Image-caption web data:
------------------------------------------------------------------------

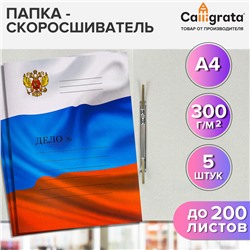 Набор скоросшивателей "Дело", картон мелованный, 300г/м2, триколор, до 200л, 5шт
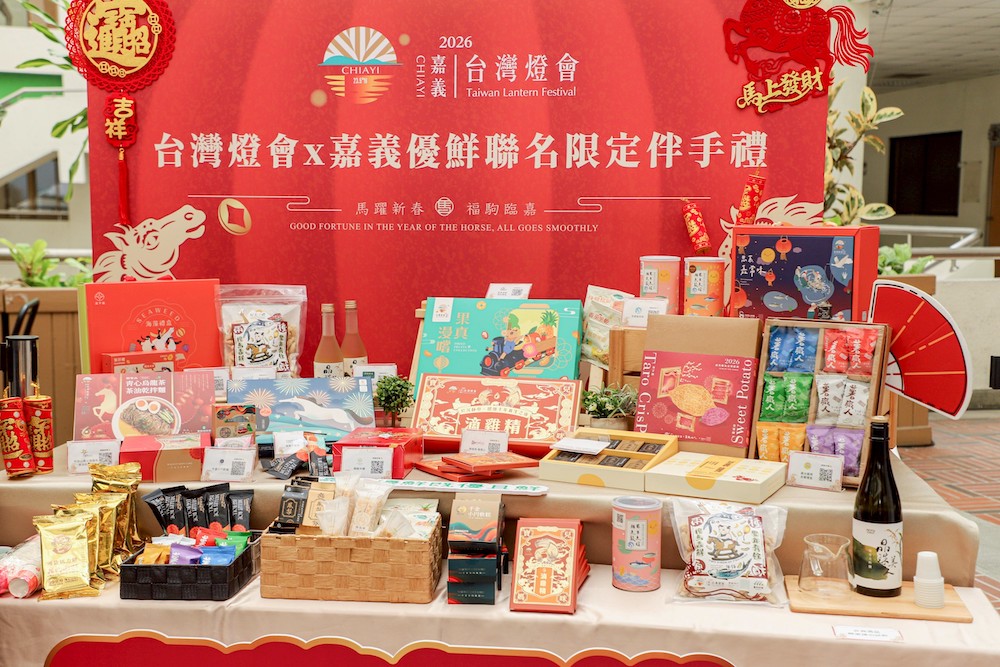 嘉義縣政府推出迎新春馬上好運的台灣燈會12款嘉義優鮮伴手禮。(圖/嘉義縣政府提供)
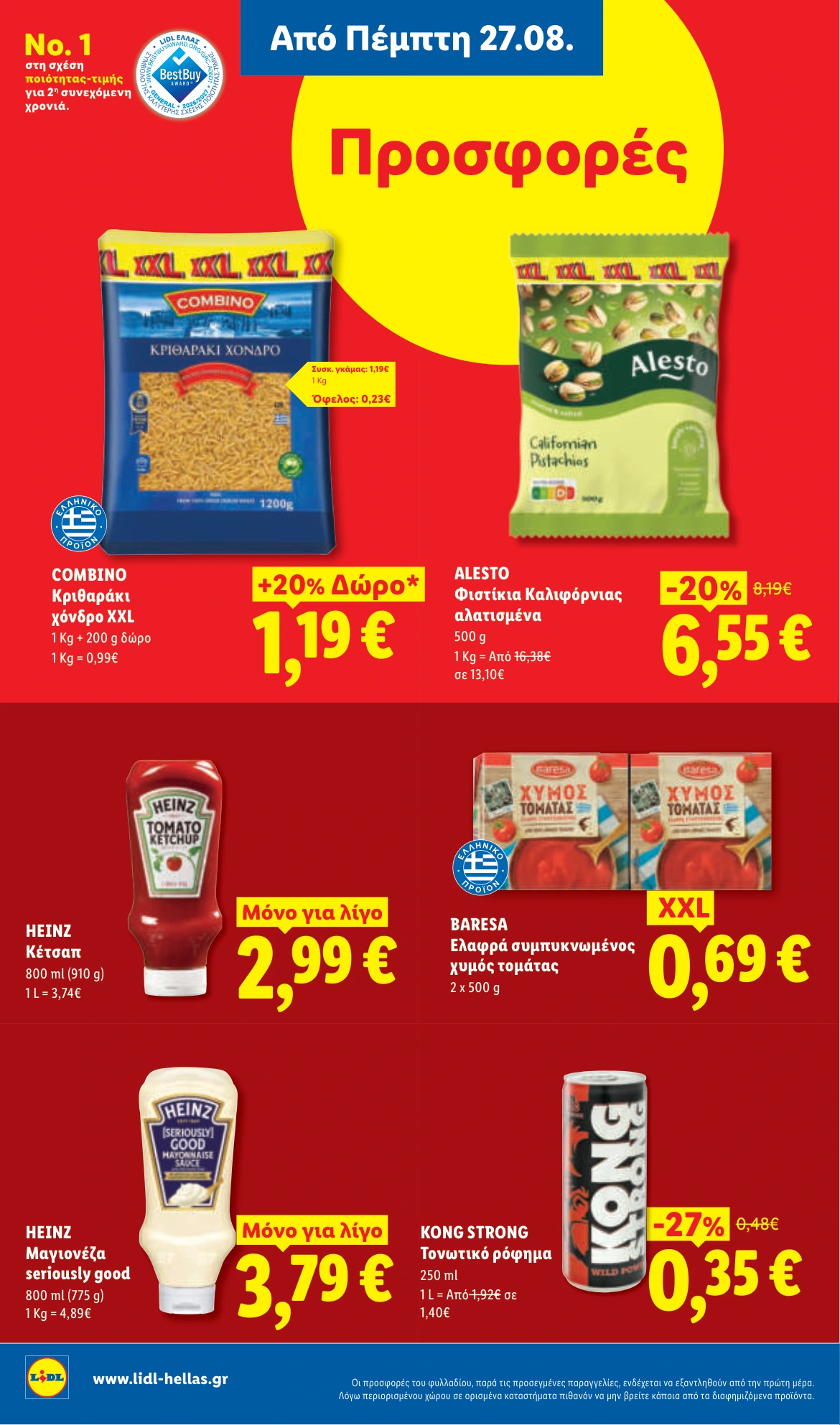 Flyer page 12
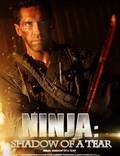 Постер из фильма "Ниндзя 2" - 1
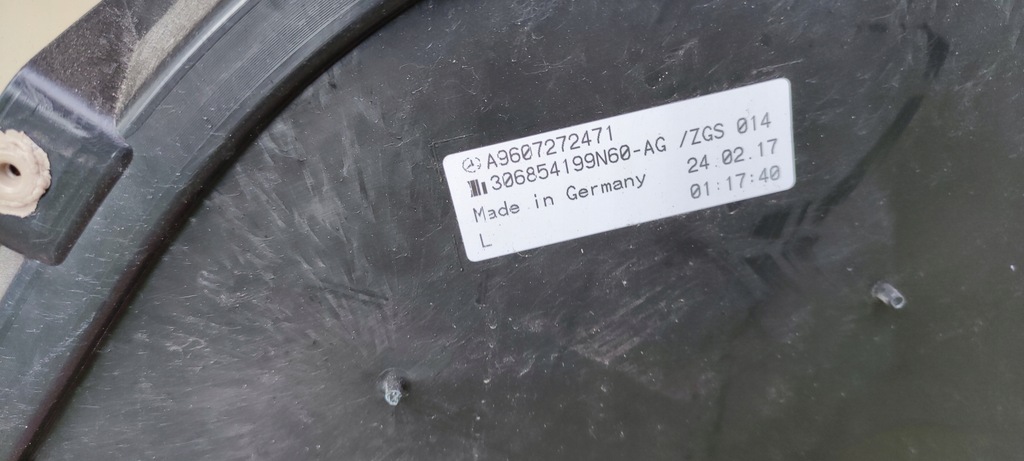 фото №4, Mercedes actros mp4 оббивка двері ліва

------------------------------------------------------------------------

**TASK DESCRIPTION**
Output the entries above exactly, without their pictures.

**TASK RESPONSE**
 Набор скоросшивателей "Дело", картон мелованный, 300г/м2, триколор, до 200л, 5шт
 嘉義縣政府推出迎新春馬上好運的台灣燈會12款嘉義優鮮伴手禮。(圖/嘉義縣政府提供)
 Flyer page 12
 Постер из фильма "Ниндзя 2" - 1
 фото №4, Mercedes actros mp4 оббивка двері ліва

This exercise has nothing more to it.